• Instructions for the task: The reply must consist of the lines from the first line of the records through the line containing "Aviator Stealth Pilot", copied exactly, with every picture omitted.

• Provided data:
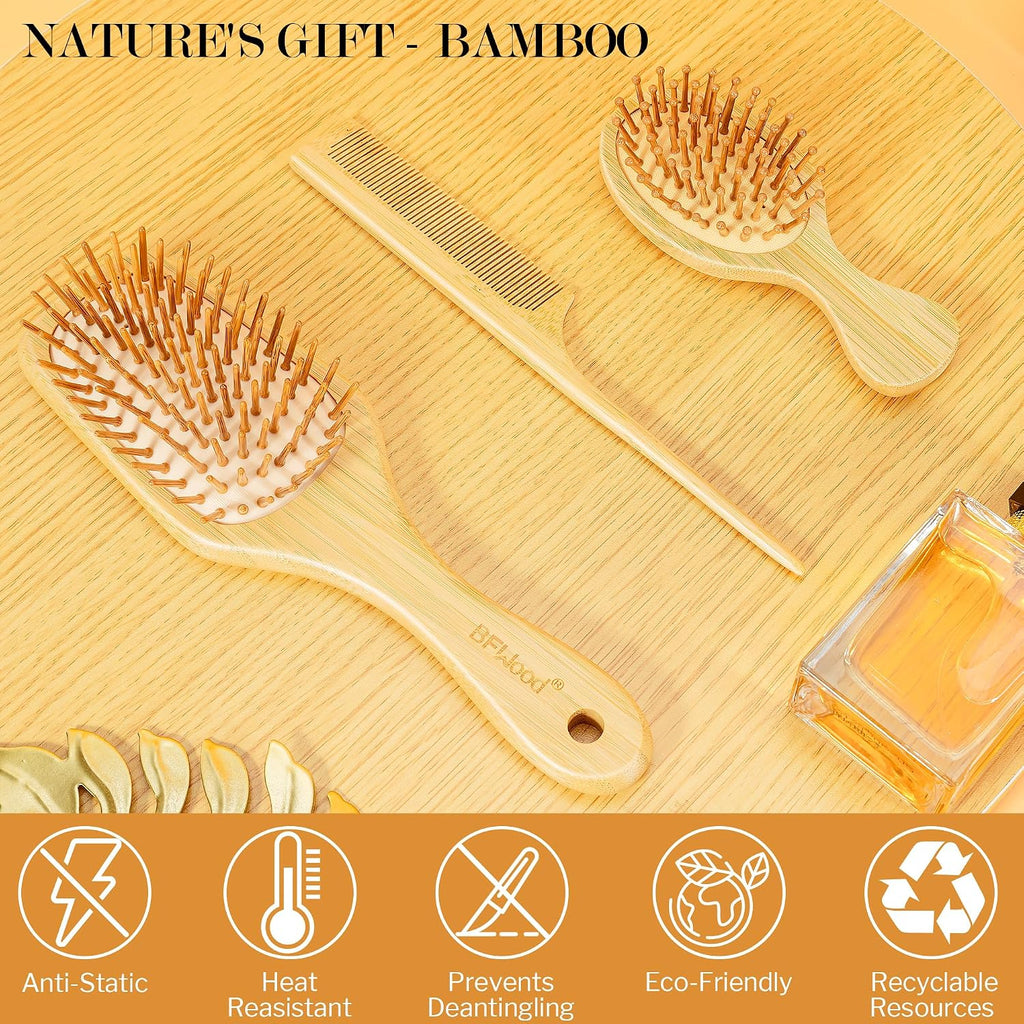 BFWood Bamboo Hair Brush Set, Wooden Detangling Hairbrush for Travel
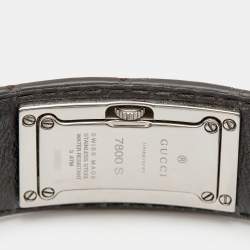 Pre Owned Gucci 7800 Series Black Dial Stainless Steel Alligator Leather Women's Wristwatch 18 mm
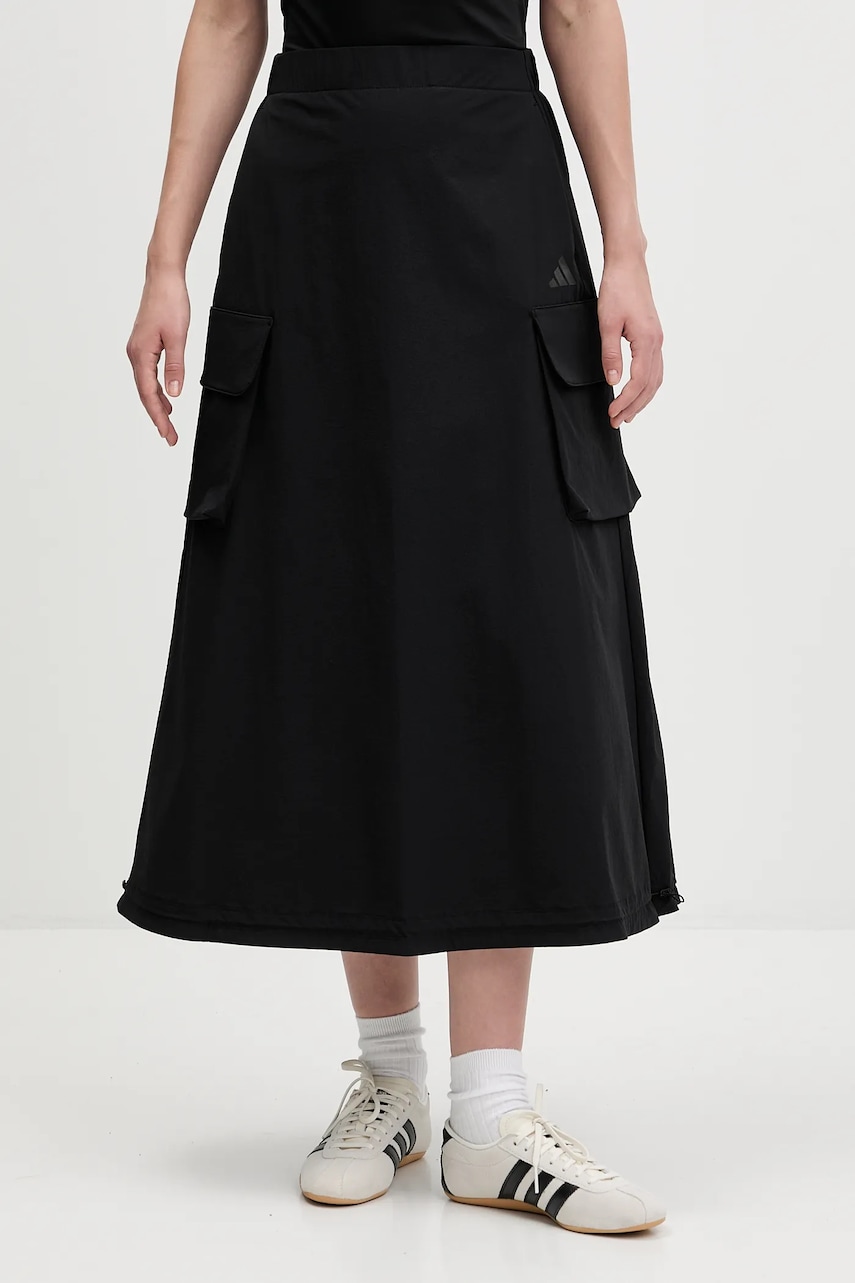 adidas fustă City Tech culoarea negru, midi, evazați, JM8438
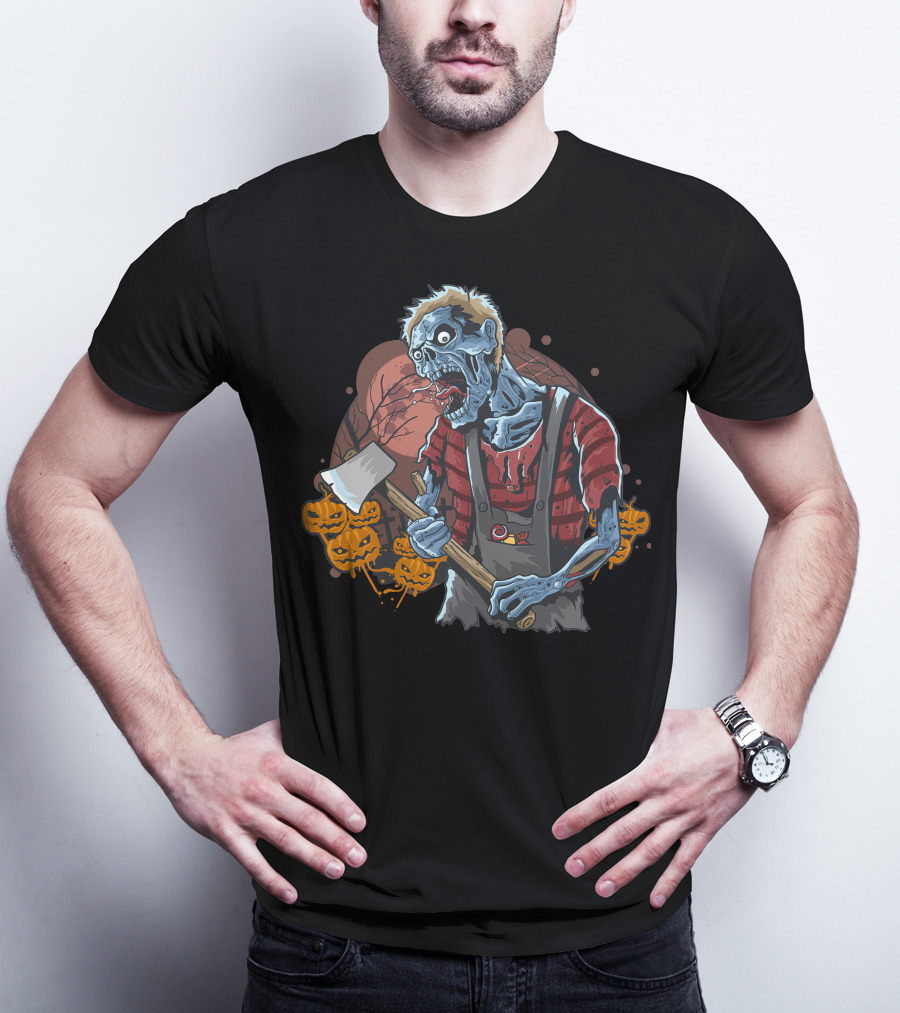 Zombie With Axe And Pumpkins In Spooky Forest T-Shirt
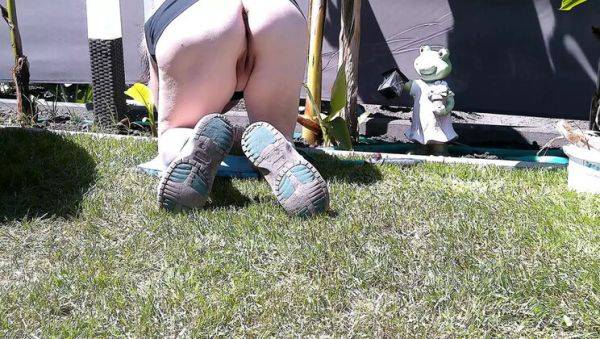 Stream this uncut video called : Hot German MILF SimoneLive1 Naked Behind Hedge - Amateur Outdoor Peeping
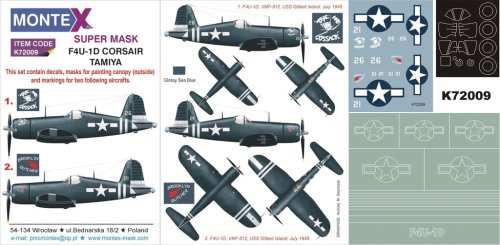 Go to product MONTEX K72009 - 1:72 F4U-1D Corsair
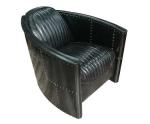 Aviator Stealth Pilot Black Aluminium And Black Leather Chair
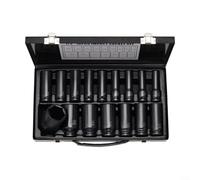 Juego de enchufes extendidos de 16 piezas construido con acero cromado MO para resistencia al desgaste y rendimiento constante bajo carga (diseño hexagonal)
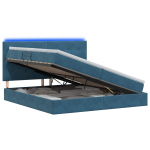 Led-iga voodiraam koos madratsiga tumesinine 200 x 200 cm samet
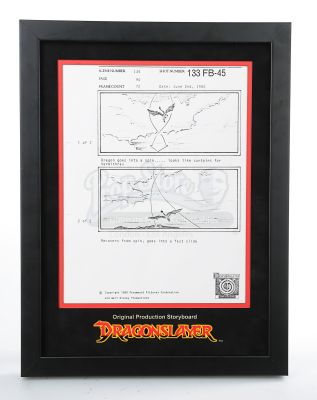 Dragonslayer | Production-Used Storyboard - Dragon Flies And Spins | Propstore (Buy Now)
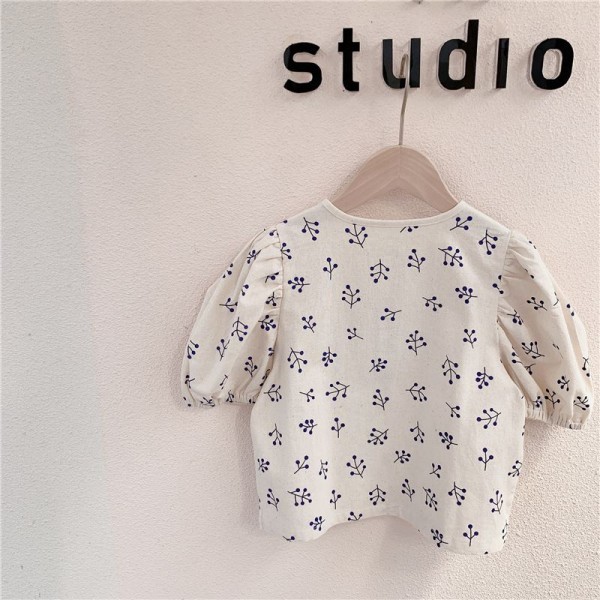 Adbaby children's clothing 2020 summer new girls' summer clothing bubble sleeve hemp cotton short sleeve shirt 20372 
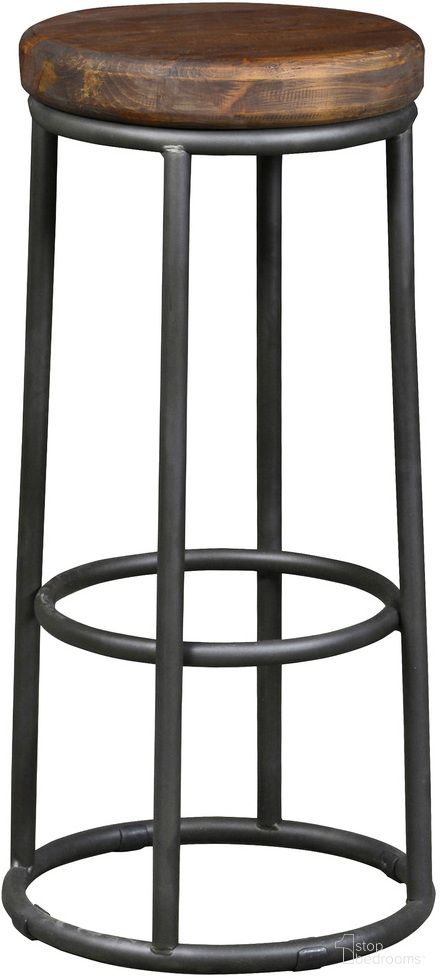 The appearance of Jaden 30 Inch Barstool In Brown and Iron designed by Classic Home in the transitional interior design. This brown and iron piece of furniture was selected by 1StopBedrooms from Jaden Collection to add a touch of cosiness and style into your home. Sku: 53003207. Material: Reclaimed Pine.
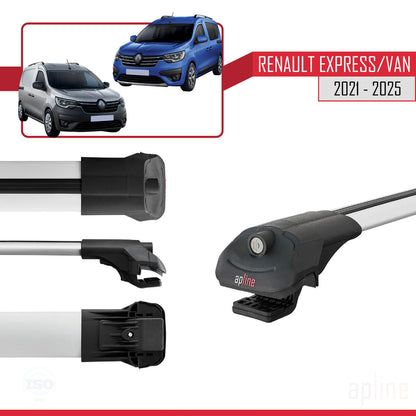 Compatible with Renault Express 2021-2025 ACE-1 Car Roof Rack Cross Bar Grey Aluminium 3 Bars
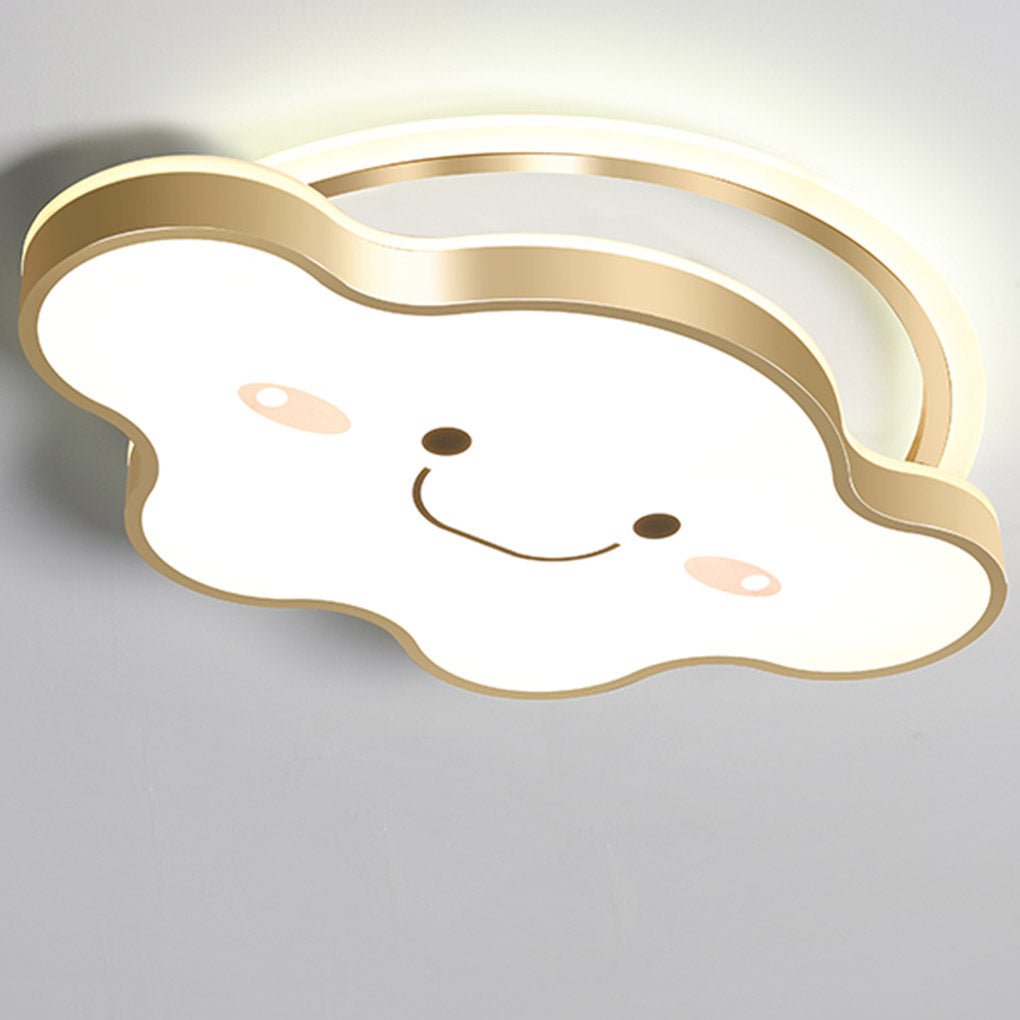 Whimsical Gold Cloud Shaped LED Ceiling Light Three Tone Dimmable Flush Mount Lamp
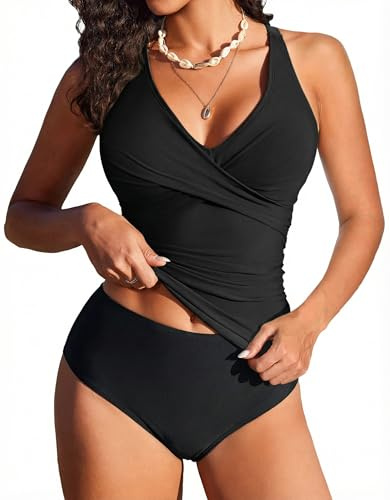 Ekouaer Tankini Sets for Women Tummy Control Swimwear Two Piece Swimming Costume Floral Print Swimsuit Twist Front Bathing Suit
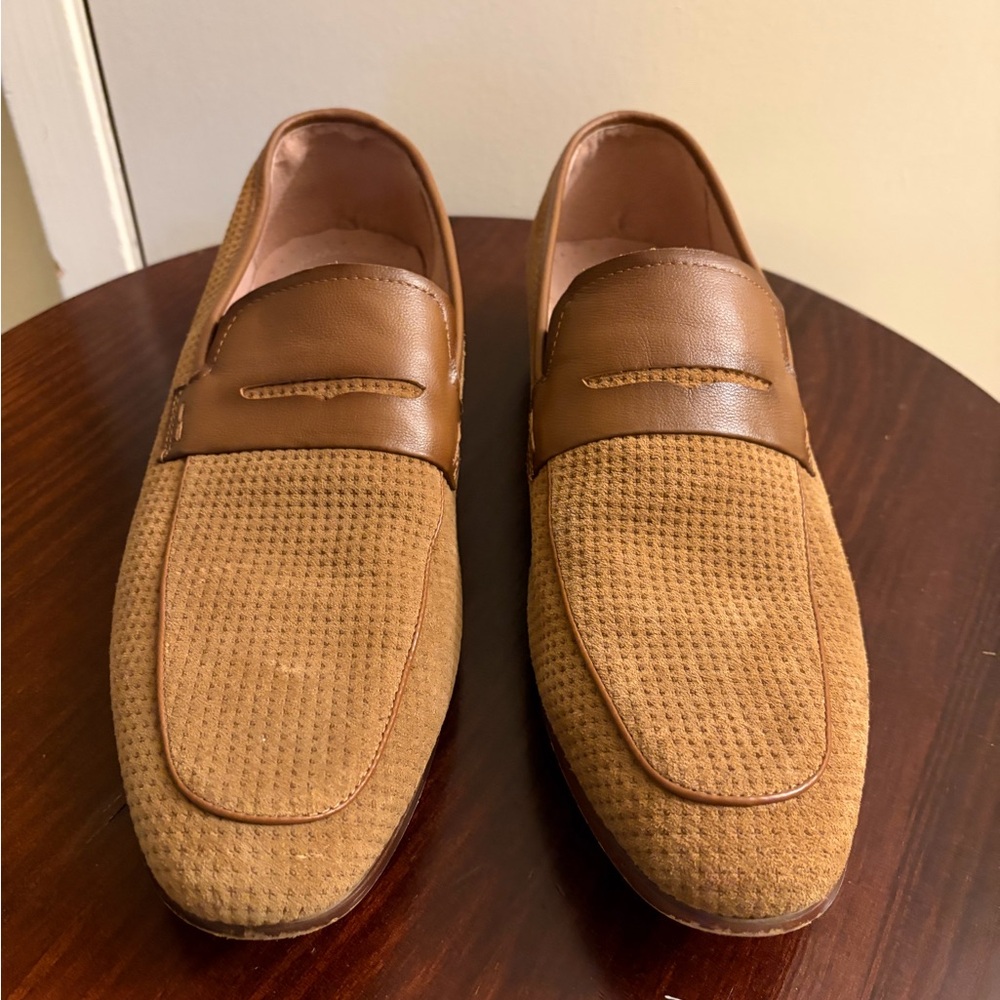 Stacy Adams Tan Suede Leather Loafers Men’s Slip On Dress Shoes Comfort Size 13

• Written reply:
 BFWood Bamboo Hair Brush Set, Wooden Detangling Hairbrush for Travel
 Pre Owned Gucci 7800 Series Black Dial Stainless Steel Alligator Leather Women's Wristwatch 18 mm
 adidas fustă City Tech culoarea negru, midi, evazați, JM8438
 Zombie With Axe And Pumpkins In Spooky Forest T-Shirt
 Stream this uncut video called : Hot German MILF SimoneLive1 Naked Behind Hedge - Amateur Outdoor Peeping
 Go to product MONTEX K72009 - 1:72 F4U-1D Corsair
 Aviator Stealth Pilot Black Aluminium And Black Leather Chair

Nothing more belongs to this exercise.